As part of a grant, from 2001 to 2004 Reading Connections went into juvenile detention facilities and worked with 2,000 juveniles to improve their reading.

She said the rate of recidivism dropped as more kids learned how to read.

Currently Reading Connections works with a number of people referred to them by the Wisconsin Department of Workforce Development.

The makeup of people they help is about 50 percent children and 50 percent adults.

A scientific study from the National Institute of Child Health and Human Development also showed this system will literally rewrite neurological pathways of poor readers to function like those of good readers.

“I still see children when they come here they look so sad, they’re looking down at the floor, ‘Yeah here’s another reading program, I’ve been through all these others.’ But within a matter of weeks that almost always changes,” Bowers said. “There would be very few children we cannot help.”

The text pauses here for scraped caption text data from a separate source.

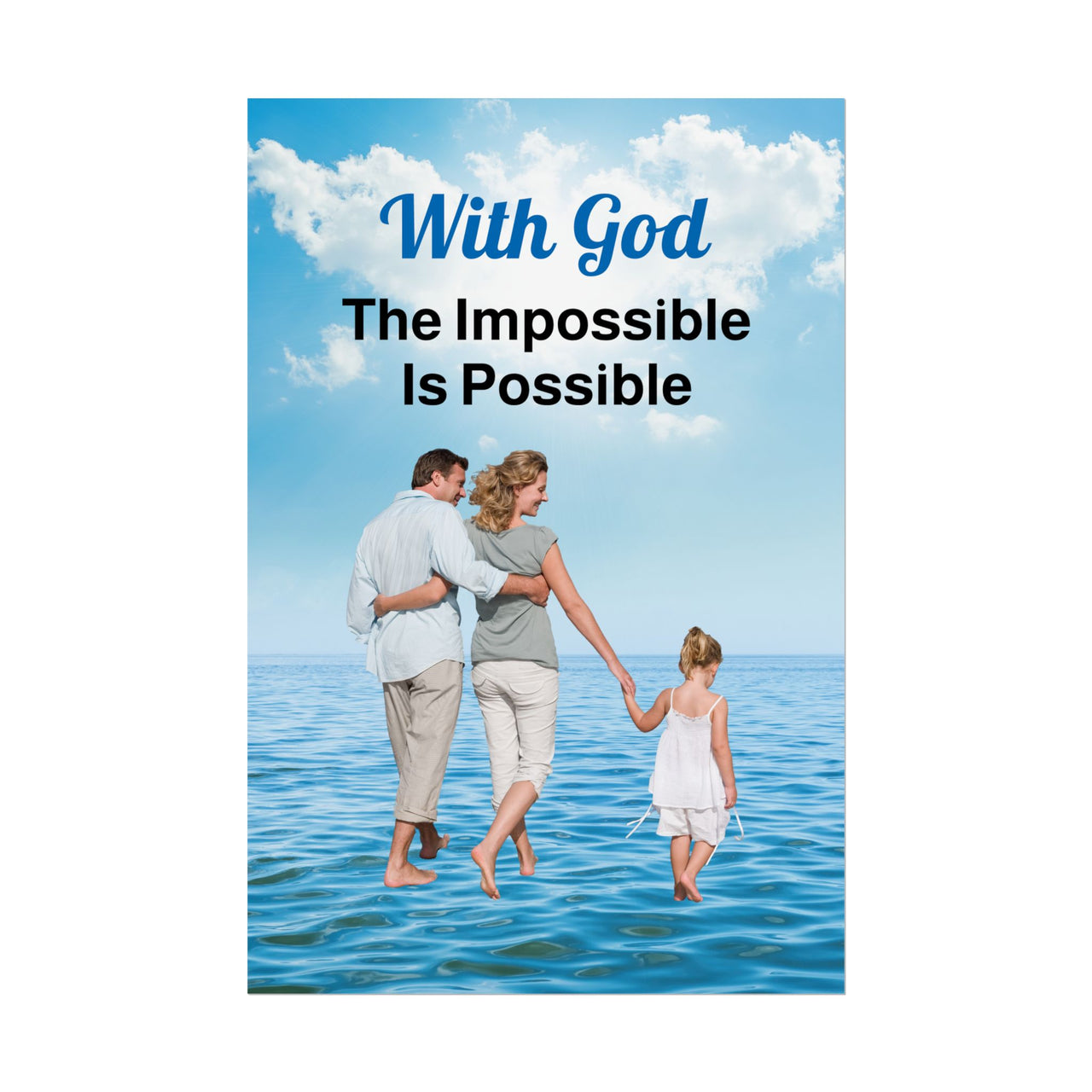 Inspirational poster with “Impossible Family” design, a family walking on water with the message "With God, The Impossible Is Possible," semi-gloss finish, vibrant Giclée print, available in 3 sizes, faith-based wall art for home or office, 24x36 poster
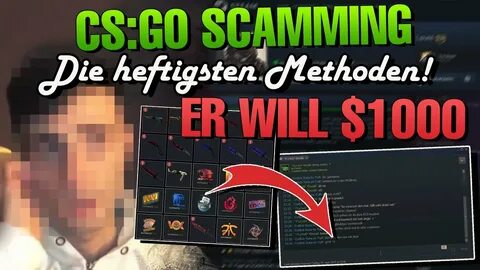CS:GO Scamming - Die heftigsten Methoden euch zu scammen! CS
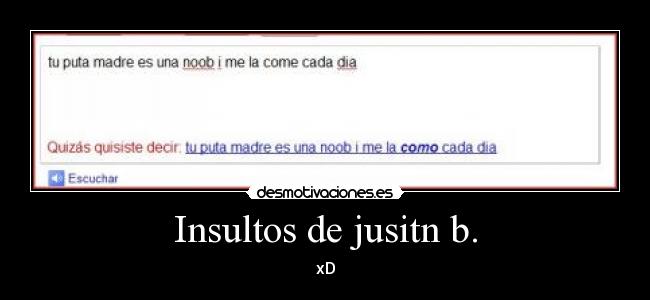 Insultos de jusitn b. - 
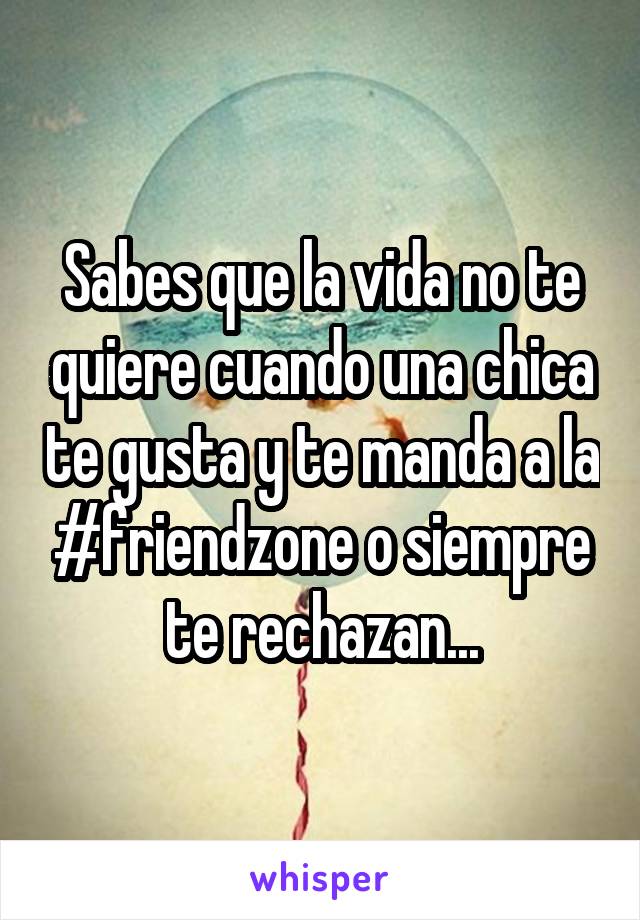 Sabes que la vida no te quiere cuando una chica te gusta y te manda a la #friendzone o siempre te rechazan...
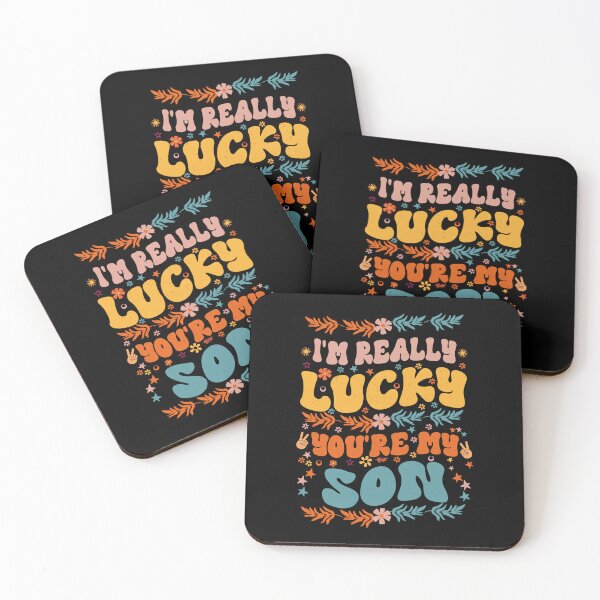 Item preview, I'm Really Lucky That You're My Son Cool Groovy Style Gift For Son and Stepson designed and sold by YAHIA-14.
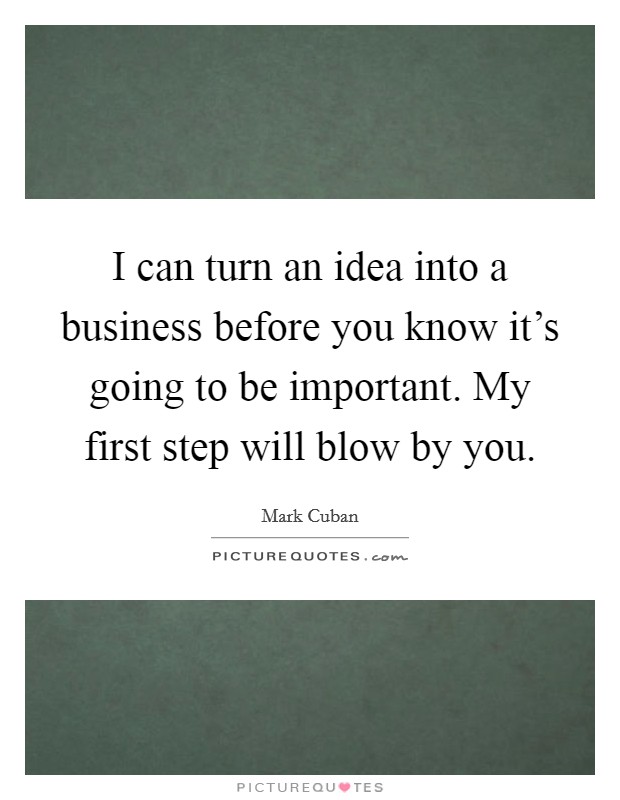 I can turn an idea into a business before you know it's going to be important. My first step will blow by you. Picture Quote #1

Bowers is president and CEO of Reading Connections, her husband Rick is the chief financial officer.

“If they’re verbal, they can see and hear sounds, and they can write, we can teach them to read,” Rick said.

Reading Connections is located at 560 Centennial Centre Blvd. Rick and Mary can be reached at 865-1001.

There is also a website located at www.rcinc.org.

As a not-for-profit organization Reading Connections is also looking for support to teach more children. “This is something that if the community helped, we would be grateful to help more kids,” Mary said.